§ TASK DESCRIPTION
Retype, exactly and with both ends included, the lines below from the one containing "রংপুর বিভাগের শ্রেষ্ঠ" through the end; omit the pictures.

START DATA SECTION

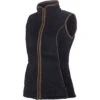 2022 Baleno Womens Surrey Gilet 934BB8T12B75 - Navy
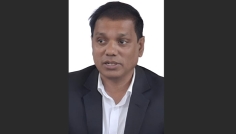 রংপুর বিভাগের শ্রেষ্ঠ জেলা প্রশাসক দিনাজপুরের রফিকুল ইসলাম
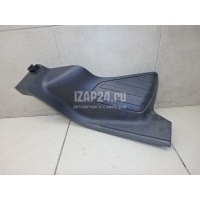 Накладка порога (внутренняя) Land Rover Freelander 2 (2007 - 2014) LR007078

END DATA SECTION

§ ANSWER TO THIS PROBLEM
 রংপুর বিভাগের শ্রেষ্ঠ জেলা প্রশাসক দিনাজপুরের রফিকুল ইসলাম
 Накладка порога (внутренняя) Land Rover Freelander 2 (2007 - 2014) LR007078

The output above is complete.